* WORK INSTRUCTION
Make an exact copy of the whole listing, but leave its pictures out.
++++++++++
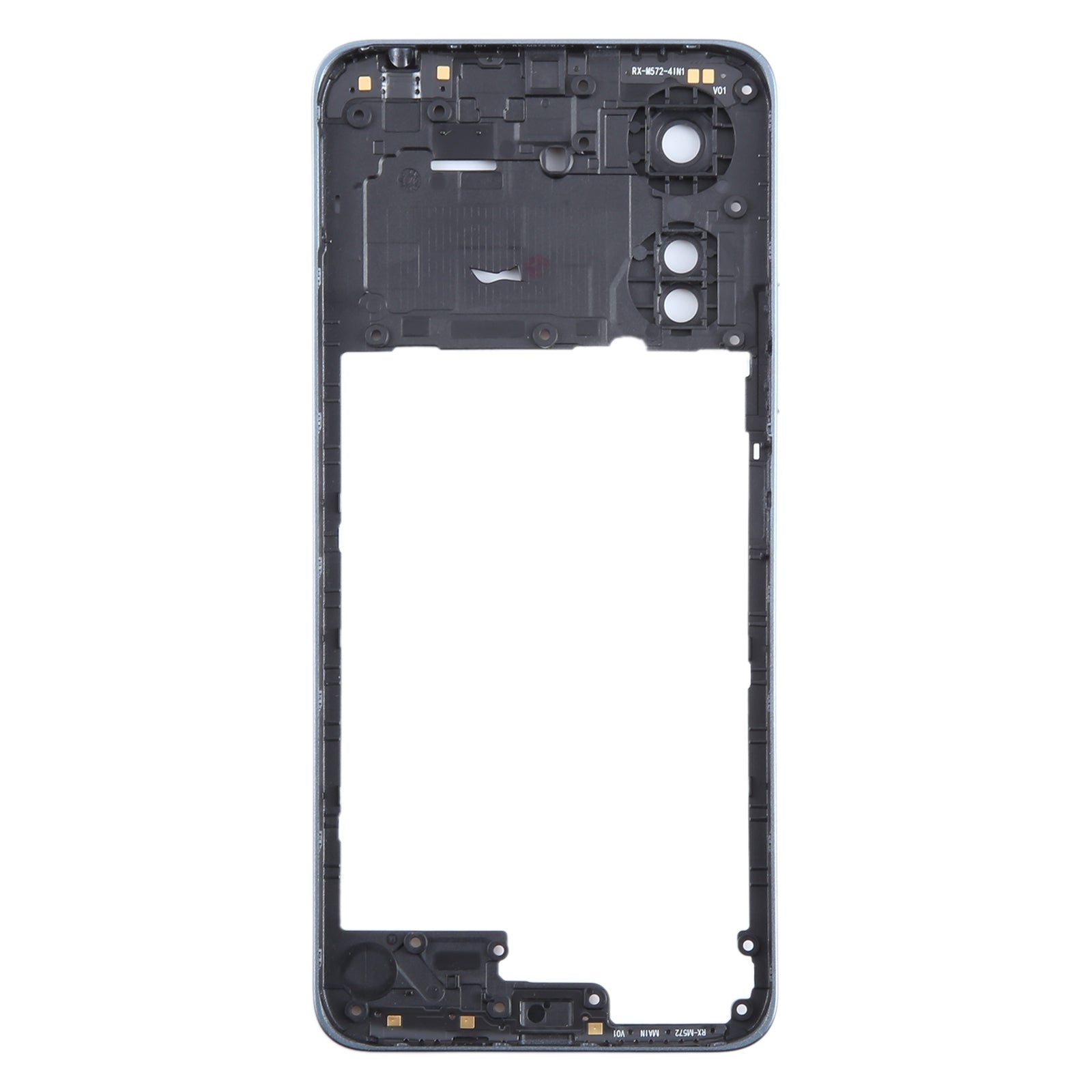 For Xiaomi Redmi 13C 4G Original Middle Frame Bezel Plate (Blue)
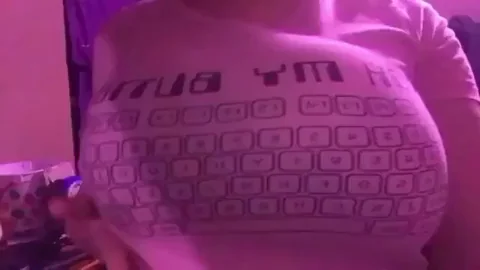 XL Shirt Fails Hard Against My Massive Melons 😩🍈🍈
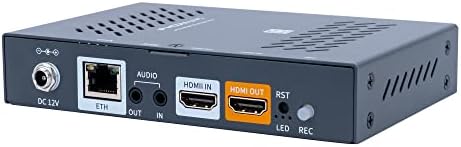 HaiweiTech L2 HDMI Kódoló H. 265 1080P@60 HDMI 4 Stream IP Kódoló Web RTC a enterprices IPTV Megoldások, Élő közvetítés, Oktatás,
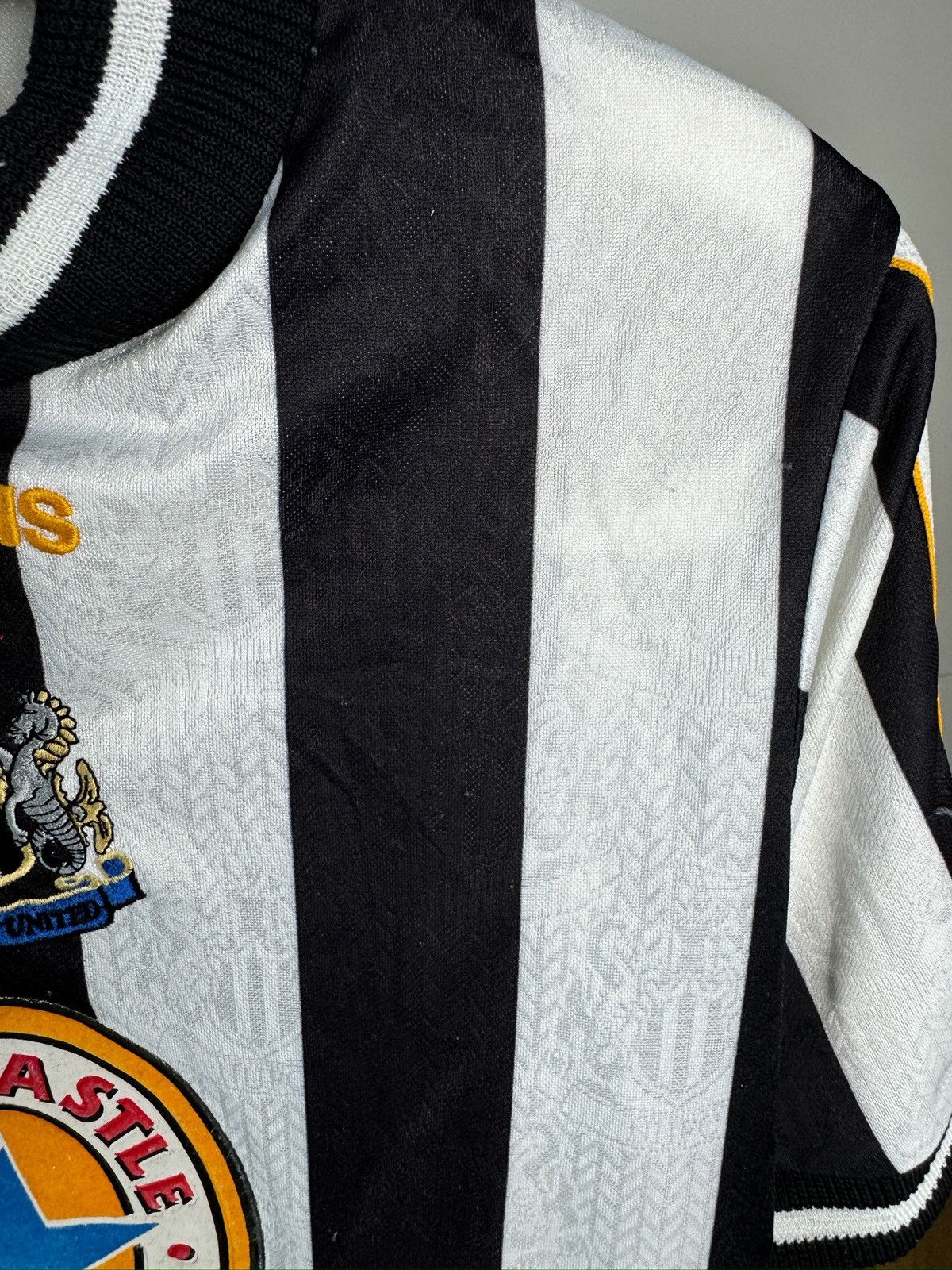 Adidas Adidas Newcastle United 97/98 t-shirt Size US XXS / EU 40 - 5 Thumbnail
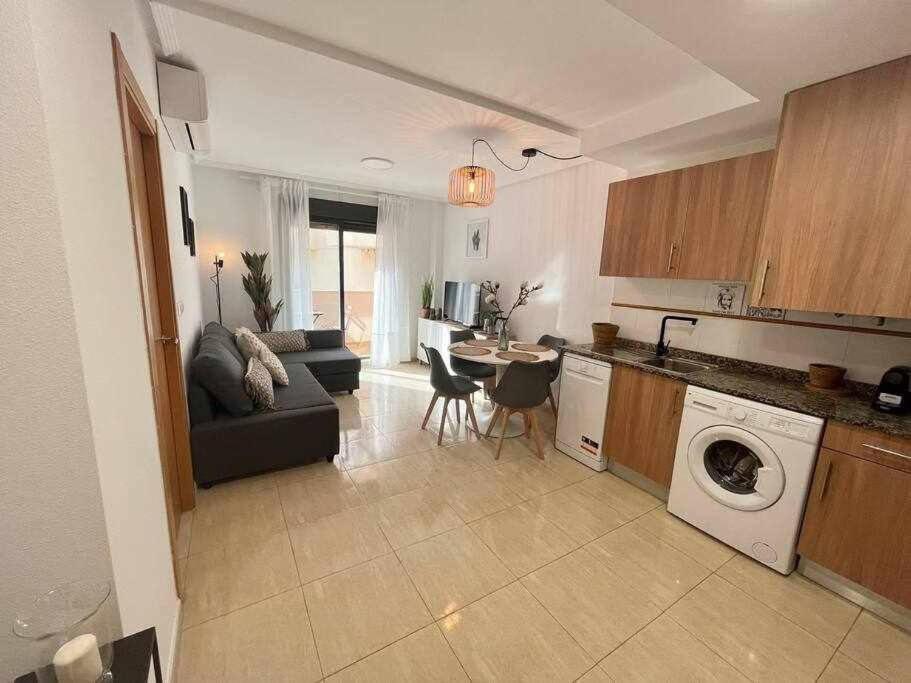 شقة Altamira 2 Campello Piscina, Garaje ,Wifi, A/C إل كامبيلو المظهر الخارجي الصورة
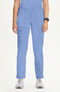 Women's Mid Rise Tapered Leg Pull-On Scrub Pant, , large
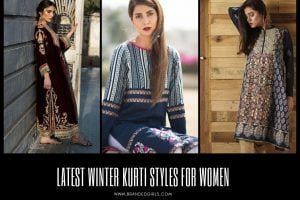 Winter Kurtis Designs – 18 Latest Kurti Styles for Women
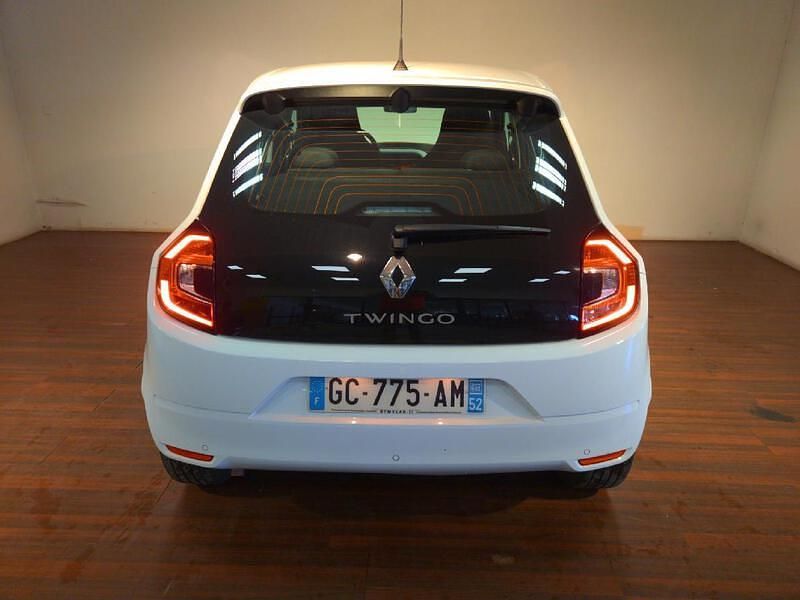 Blanc Utilisé 2021 Renault Twingo LIMITED Citadine | 11 034 € (Prix juste) - Image 1/4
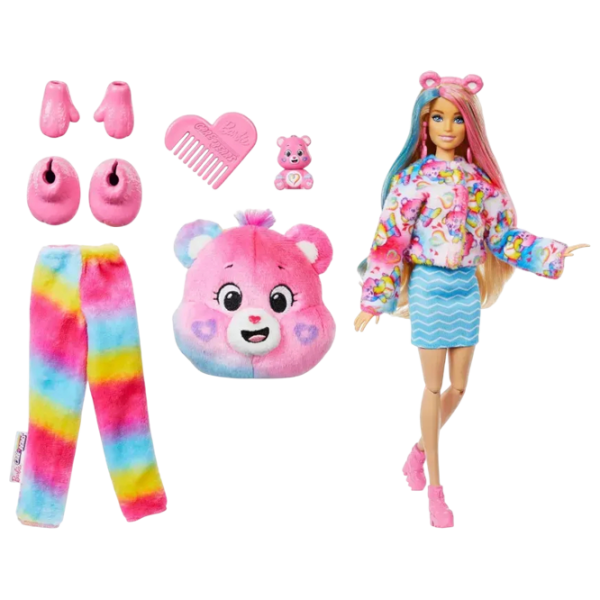 Păpușă Barbie Care Bears model JFV60 3+ photo 2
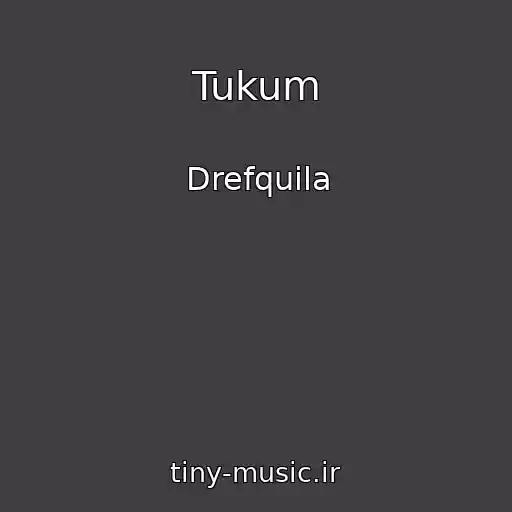 کاور آهنگ Tukum از Drefquila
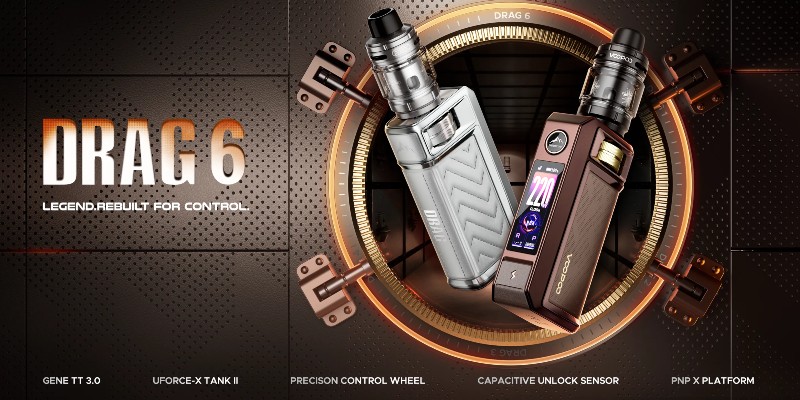 Le kit Drag 6 par Voopoo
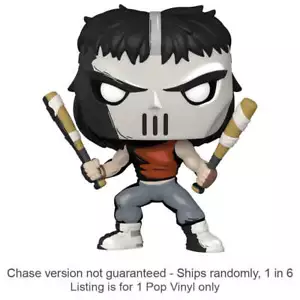 Tartarughe Ninja Casey Jones Funko Pop! Figurina in vinile Chase Ships 1 in 6 - Foto 1 di 2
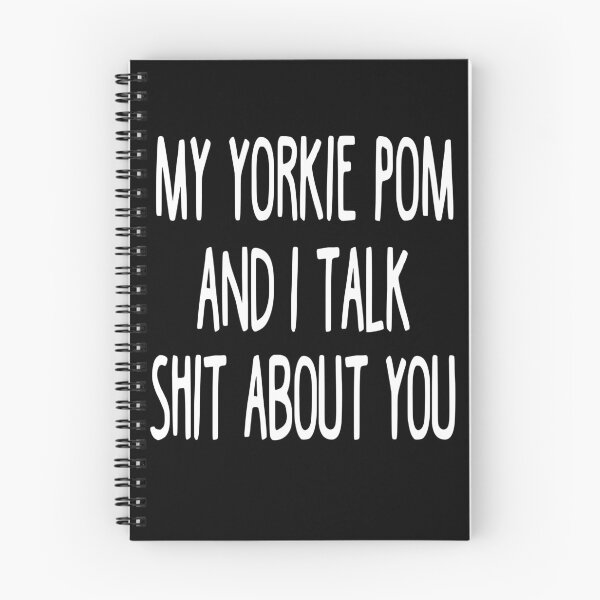Item preview, I Work Hard So My Yorkie Pom Can Have A Better Life designed and sold by clickmostro.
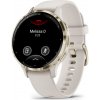 GARMIN VENU 3S, Smart hodinky, Ivory/Soft Gold 010-02785-04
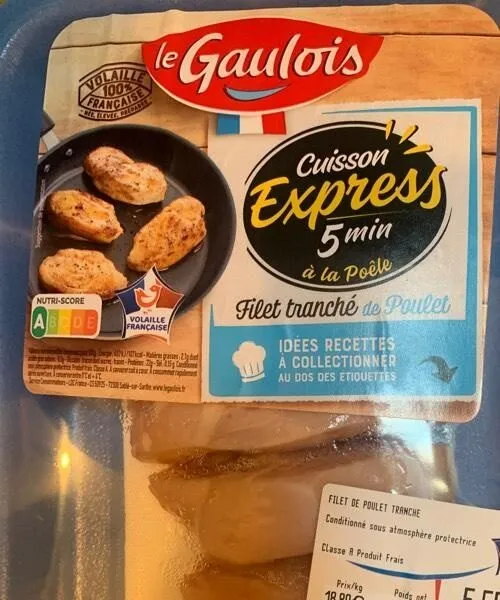 Filet tranché de Poulet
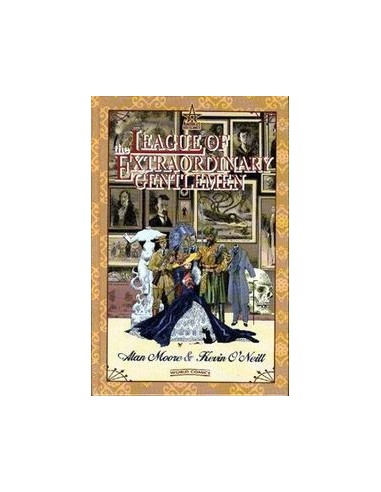 The League of Extraordinary Gentlemen nº 01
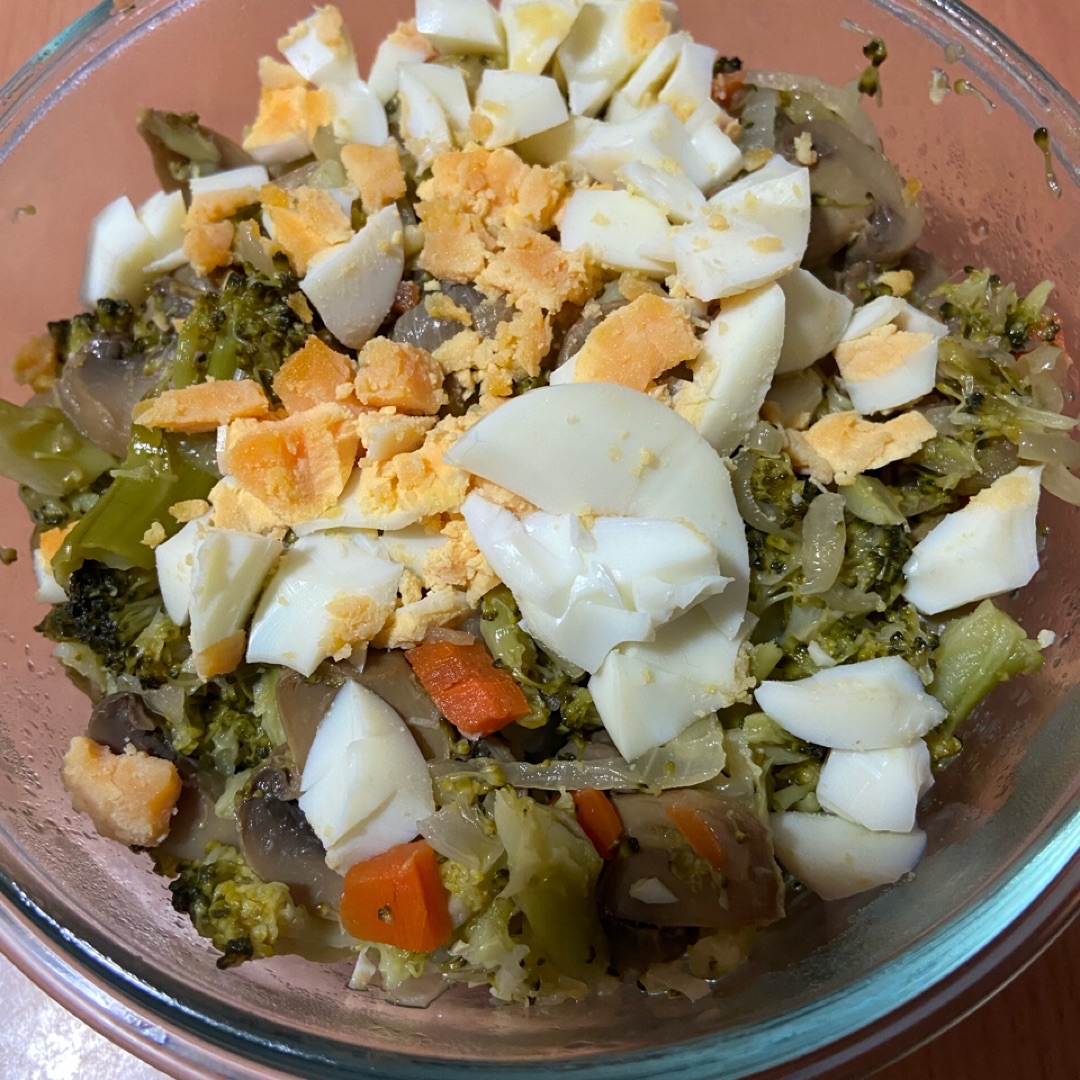 Brocoli con verduras Brocoli con verduras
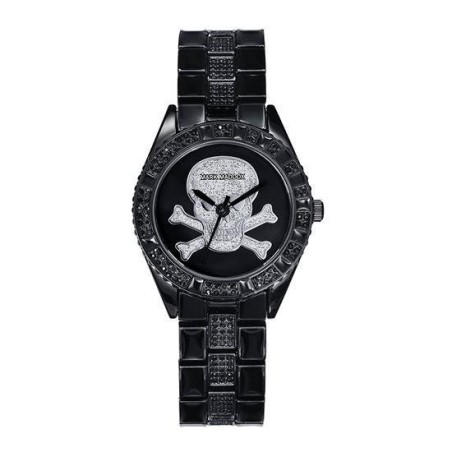 MM0003-50 - Reloj Mark Maddox de Mujer.  Esfera redonda de color gris 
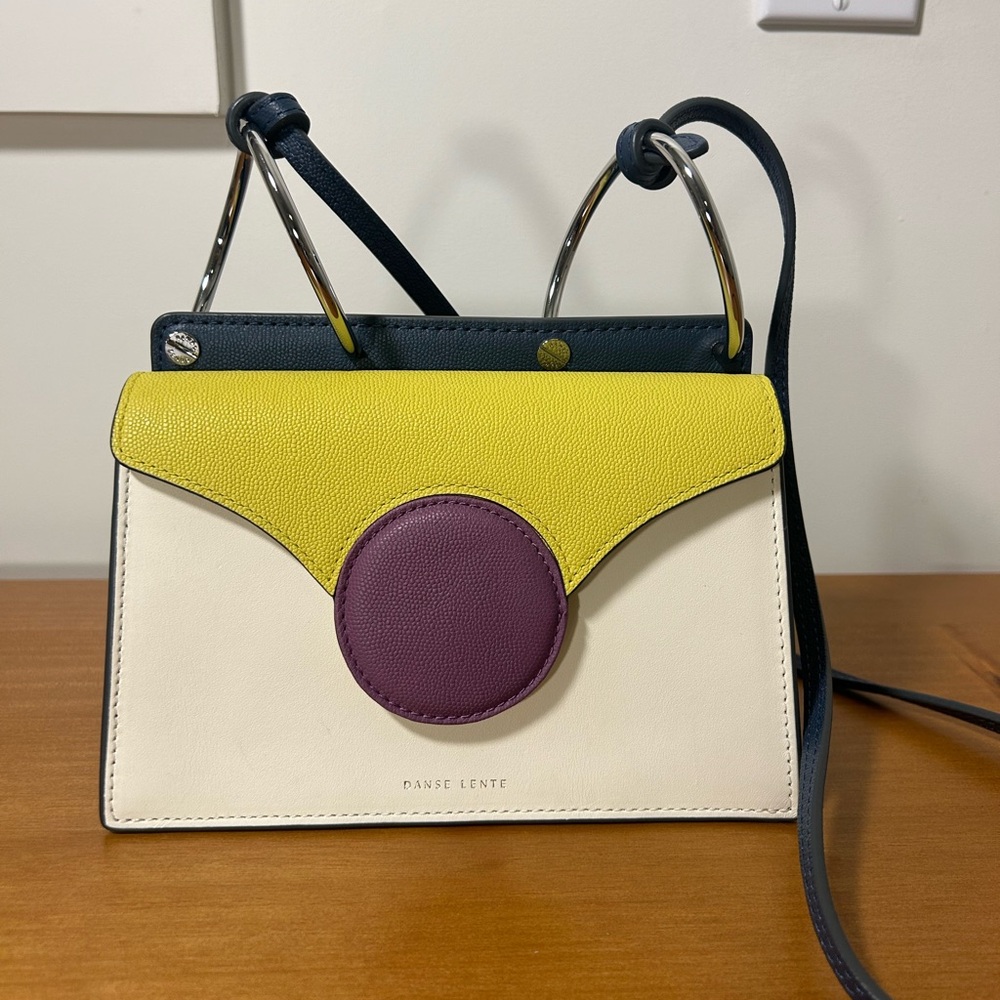 NEW Unique Danse Lente Leather Phoebe Crossbody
++++++++++
* YOUR SOLUTION
 For Xiaomi Redmi 13C 4G Original Middle Frame Bezel Plate (Blue)
 XL Shirt Fails Hard Against My Massive Melons 😩🍈🍈
 HaiweiTech L2 HDMI Kódoló H. 265 1080P@60 HDMI 4 Stream IP Kódoló Web RTC a enterprices IPTV Megoldások, Élő közvetítés, Oktatás,
 Adidas Adidas Newcastle United 97/98 t-shirt Size US XXS / EU 40 - 5 Thumbnail
 شقة Altamira 2 Campello Piscina, Garaje ,Wifi, A/C إل كامبيلو المظهر الخارجي الصورة
 Women's Mid Rise Tapered Leg Pull-On Scrub Pant, , large
 Winter Kurtis Designs – 18 Latest Kurti Styles for Women
 Blanc Utilisé 2021 Renault Twingo LIMITED Citadine | 11 034 € (Prix juste) - Image 1/4
 Păpușă Barbie Care Bears model JFV60 3+ photo 2
 کاور آهنگ Tukum از Drefquila
 Le kit Drag 6 par Voopoo
 Tartarughe Ninja Casey Jones Funko Pop! Figurina in vinile Chase Ships 1 in 6 - Foto 1 di 2
Item preview, I Work Hard So My Yorkie Pom Can Have A Better Life designed and sold by clickmostro.
 GARMIN VENU 3S, Smart hodinky, Ivory/Soft Gold 010-02785-04
 Filet tranché de Poulet
 The League of Extraordinary Gentlemen nº 01
 Brocoli con verduras Brocoli con verduras
 MM0003-50 - Reloj Mark Maddox de Mujer.  Esfera redonda de color gris 
 NEW Unique Danse Lente Leather Phoebe Crossbody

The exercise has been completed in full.